_Assignment:_
An exact transcription of all the entries is needed; pictures stay out.

START Input data

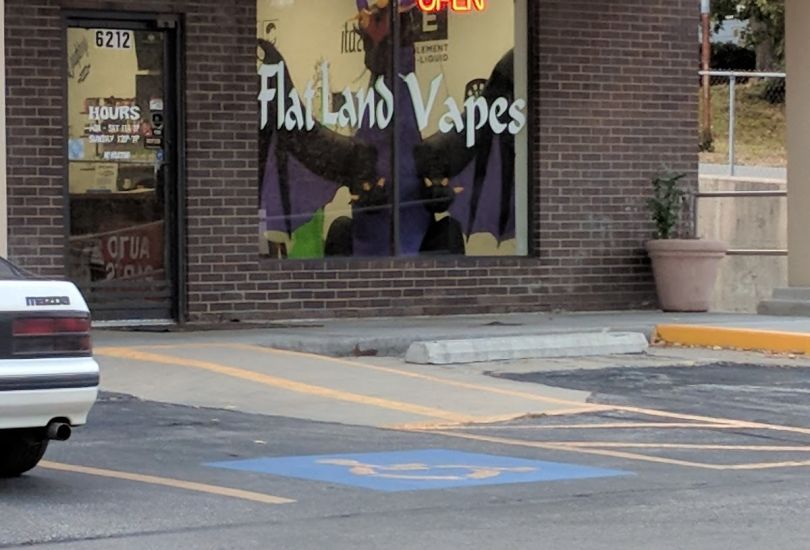 Flat Land Vapes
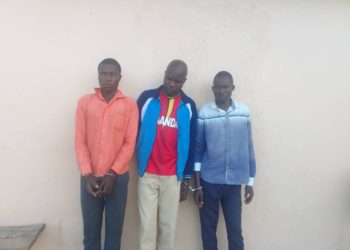 PDM Bosses Arrested After Extorting Beneficiaries In Namisindwa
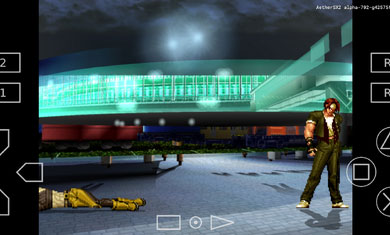 拳皇2002um手机版全人物解锁下载_拳皇2002um中文版下载V2.0.20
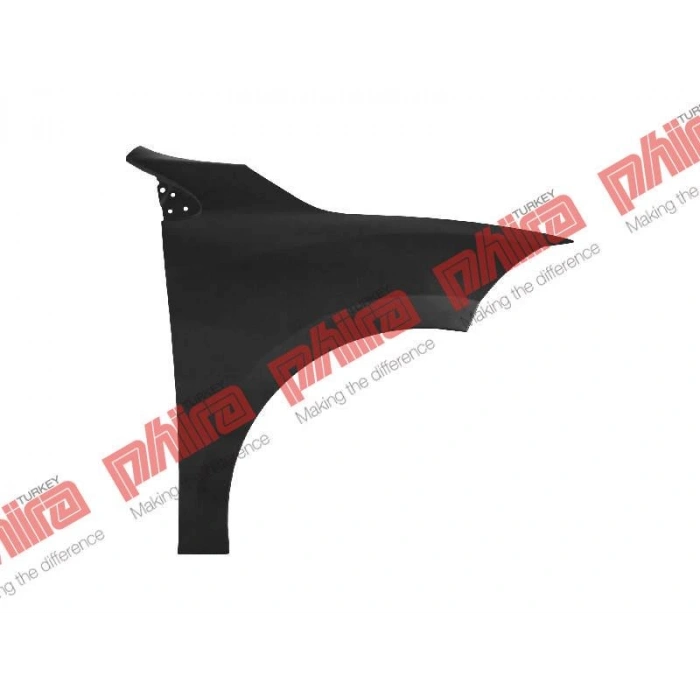 ÇAMURLUK ÖN SAĞ | RENAULT | MEGANE | 2009-2012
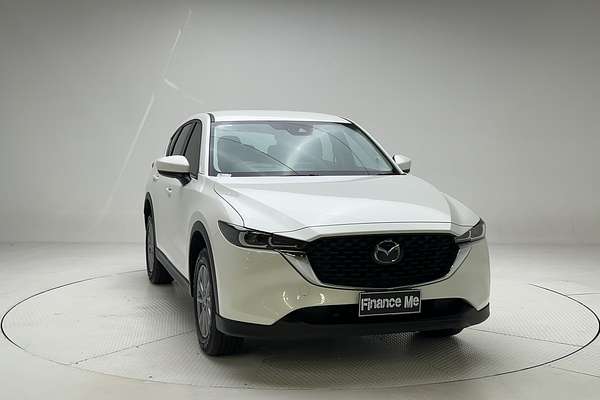 2022 Mazda CX-5 Maxx KF Series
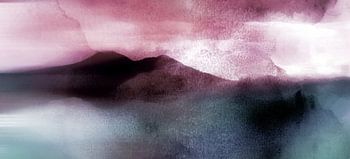 Scandinavisch landschap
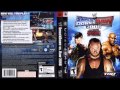 Smackdown vs Raw 2008 soundtrack - "Go Hard" by NoBody Famous with Arena Effects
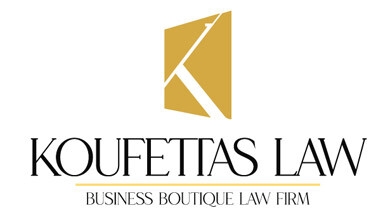 Harris Koufettas & Associates LLC Logo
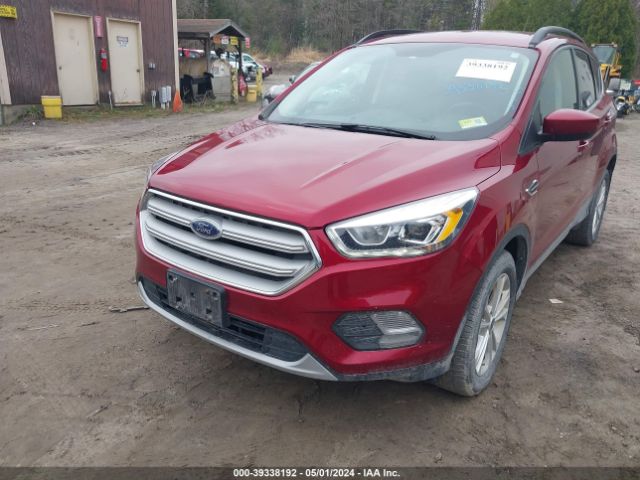 Photo 5 VIN: 1FMCU9HD8KUA82208 - FORD ESCAPE 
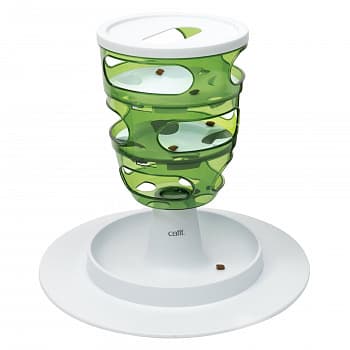 Игрушка-кормушка с головоломкой для кошек Catit Senses Food Tree 2.0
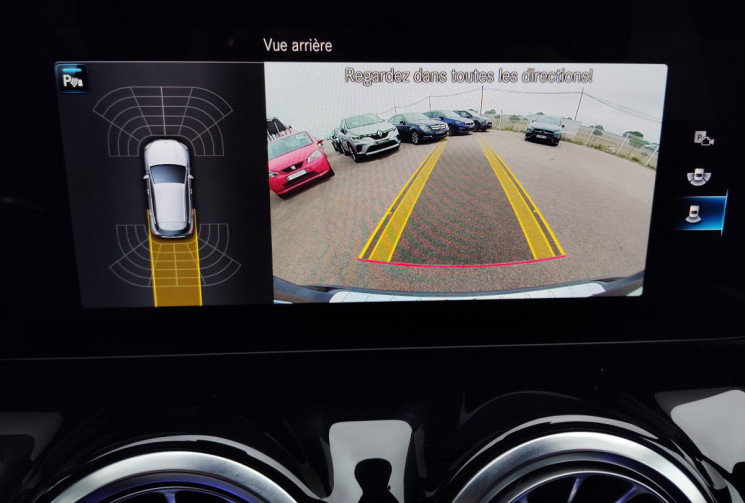 Mercedes GLA 250 e 160+102ch AMG Line 8G-DCT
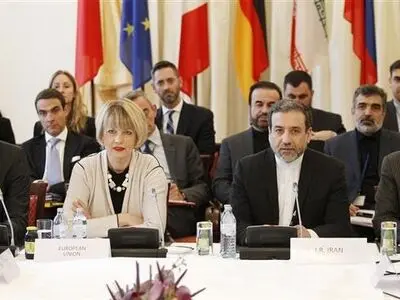 اللجنة المشترکة للاتفاق النووی تجتمع بفیینا فی 10 ینایر
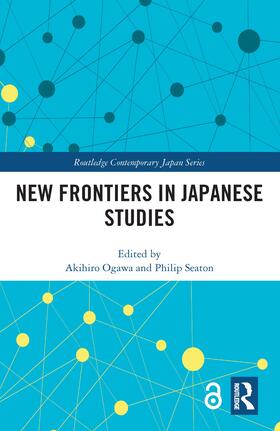 Ogawa / Seaton |  New Frontiers in Japanese Studies | Buch |  Sack Fachmedien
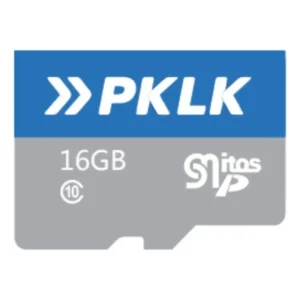 Cartão Memória Compatível Micro Sd 16gb 150mbs Classe 10 Ultra Pklk
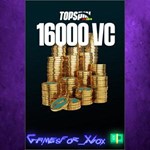 **TopSpin 2K25 16,000 Virtual Currency Pack XBOX DLC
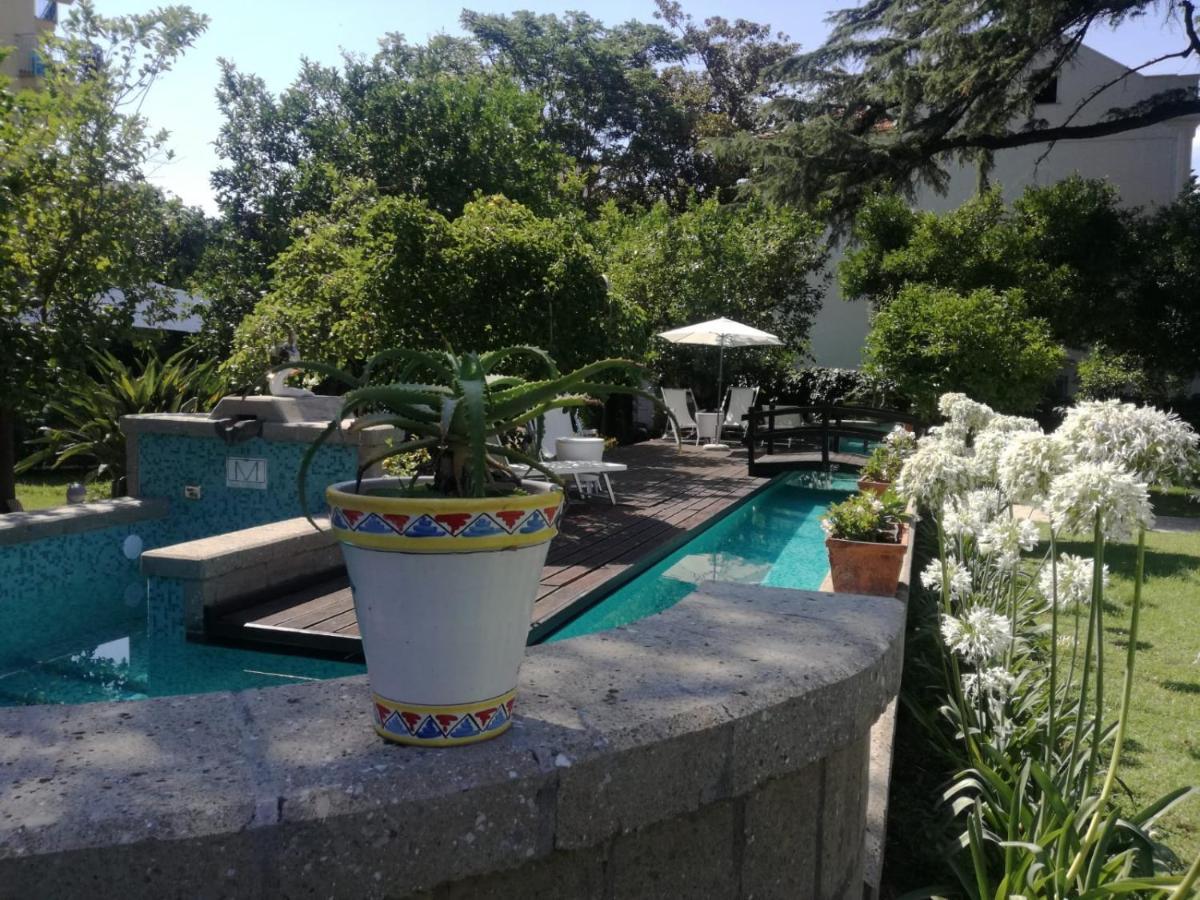 Villa Manning Relais ซอร์เรนโต ภายนอก รูปภาพ
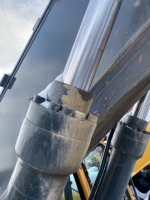 Hyundai R380 Экскаватор HV Market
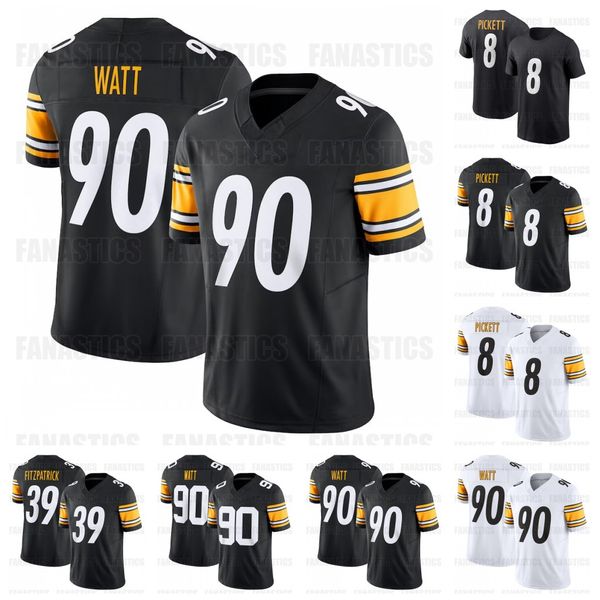 george pickens kenny pickett football jersey najee harris tj watt trubisky minkah fitzpatrick heyward broderick jones joey porter jr ben roe, Black
george pickens kenny pickett football jersey najee harris tj watt trubisky minkah fitzpatrick heyward broderick jones joey porter jr ben roe, Black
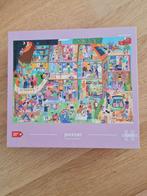 puzzel Hema 1000 stukjes limited edition, Ophalen of Verzenden, 500 t/m 1500 stukjes, Zo goed als nieuw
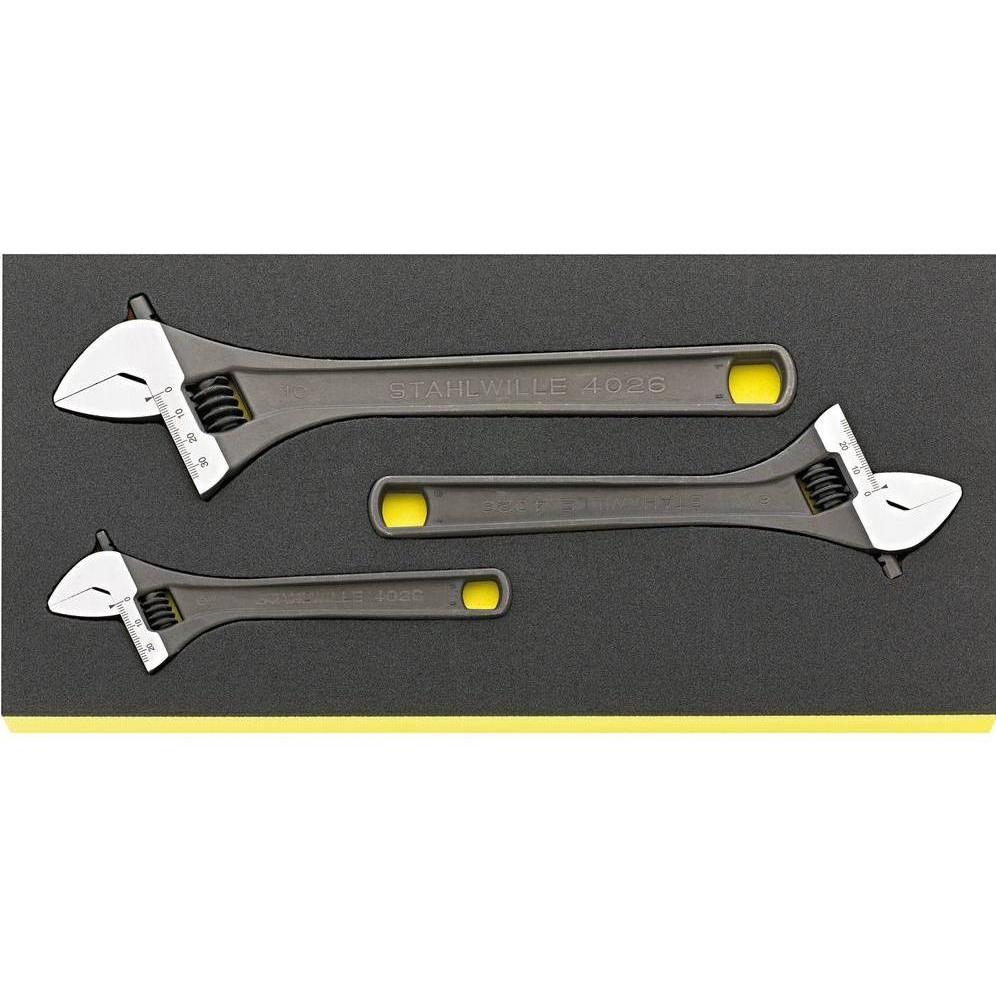 Stahlwille, Materiale installazioni elettriche, TCS 4026/3 96838796 Set di utensili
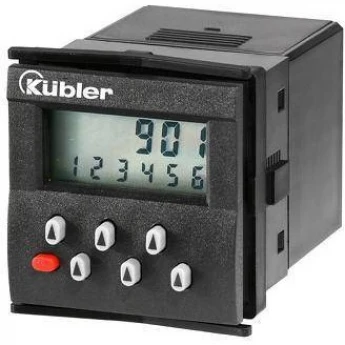 Счетчик импульсов и времени программируемый KUEBLER 901 332876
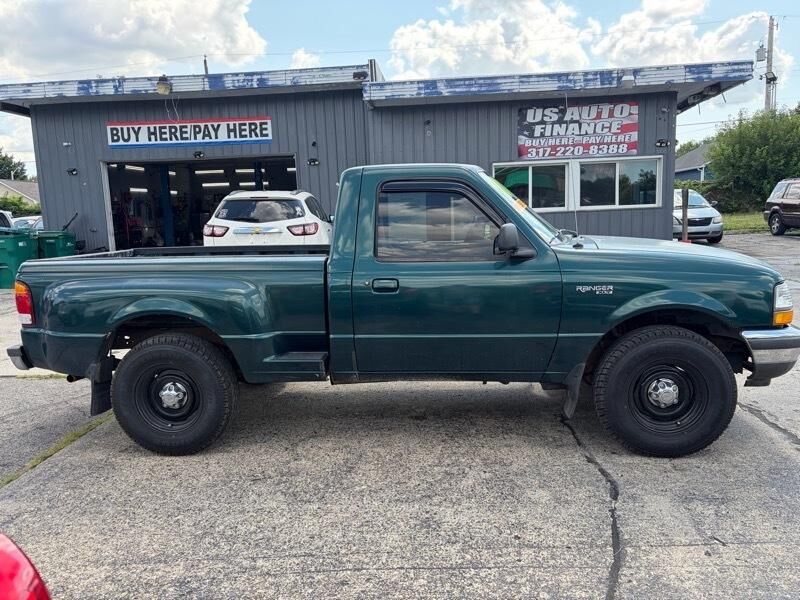 1998 FORD Ranger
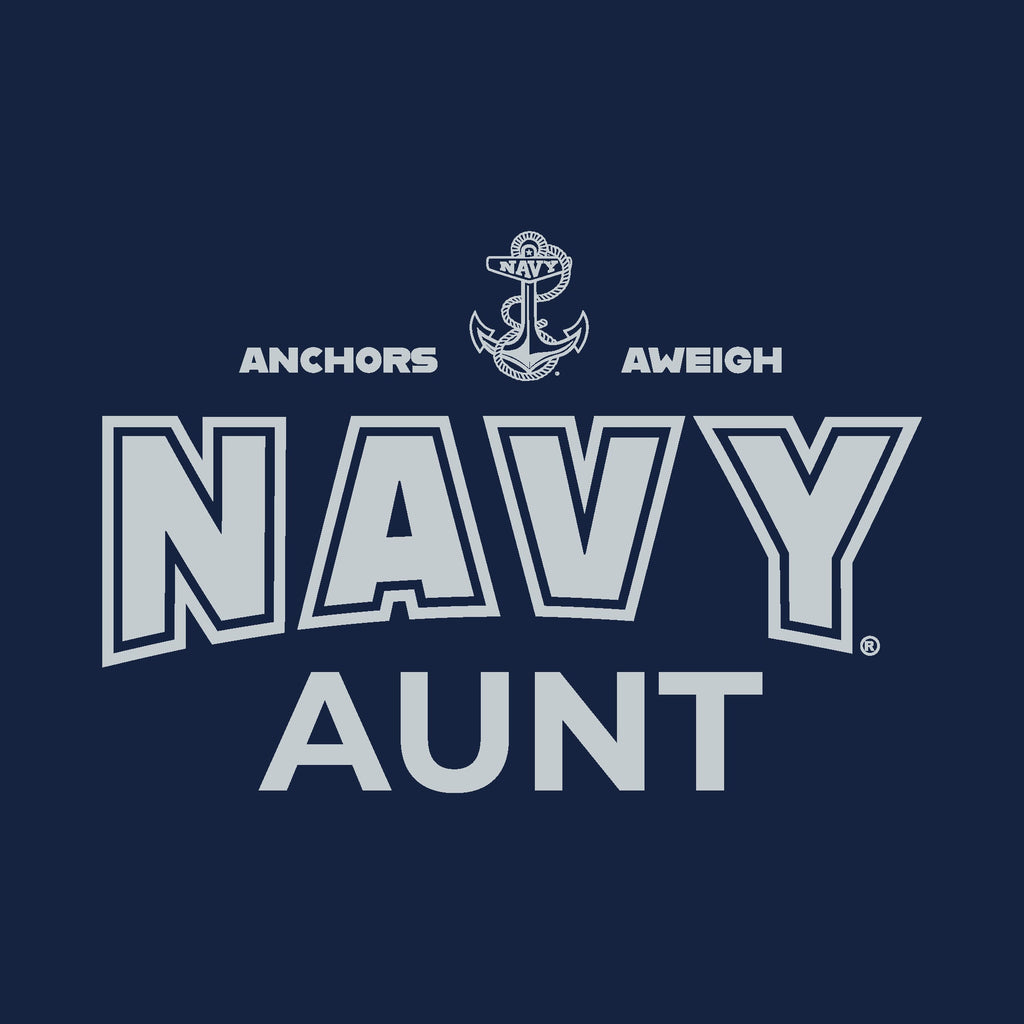 Navy Aunt Hood (Navy)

END Input data

_Solved exercise:_
 Flat Land Vapes
 PDM Bosses Arrested After Extorting Beneficiaries In Namisindwa
 拳皇2002um手机版全人物解锁下载_拳皇2002um中文版下载V2.0.20
 ÇAMURLUK ÖN SAĞ | RENAULT | MEGANE | 2009-2012
 2022 Mazda CX-5 Maxx KF Series
 Scandinavisch landschap
 Smackdown vs Raw 2008 soundtrack - "Go Hard" by NoBody Famous with Arena Effects
 Harris Koufettas & Associates LLC Logo
 Photo 5 VIN: 1FMCU9HD8KUA82208 - FORD ESCAPE 
 Игрушка-кормушка с головоломкой для кошек Catit Senses Food Tree 2.0
 Mercedes GLA 250 e 160+102ch AMG Line 8G-DCT
 اللجنة المشترکة للاتفاق النووی تجتمع بفیینا فی 10 ینایر
 Ogawa / Seaton |  New Frontiers in Japanese Studies | Buch |  Sack Fachmedien
 Cartão Memória Compatível Micro Sd 16gb 150mbs Classe 10 Ultra Pklk
 **TopSpin 2K25 16,000 Virtual Currency Pack XBOX DLC
 Villa Manning Relais ซอร์เรนโต ภายนอก รูปภาพ
 Hyundai R380 Экскаватор HV Market
 george pickens kenny pickett football jersey najee harris tj watt trubisky minkah fitzpatrick heyward broderick jones joey porter jr ben roe, Black
george pickens kenny pickett football jersey najee harris tj watt trubisky minkah fitzpatrick heyward broderick jones joey porter jr ben roe, Black
 puzzel Hema 1000 stukjes limited edition, Ophalen of Verzenden, 500 t/m 1500 stukjes, Zo goed als nieuw
 Stahlwille, Materiale installazioni elettriche, TCS 4026/3 96838796 Set di utensili
 Счетчик импульсов и времени программируемый KUEBLER 901 332876
 1998 FORD Ranger
 Navy Aunt Hood (Navy)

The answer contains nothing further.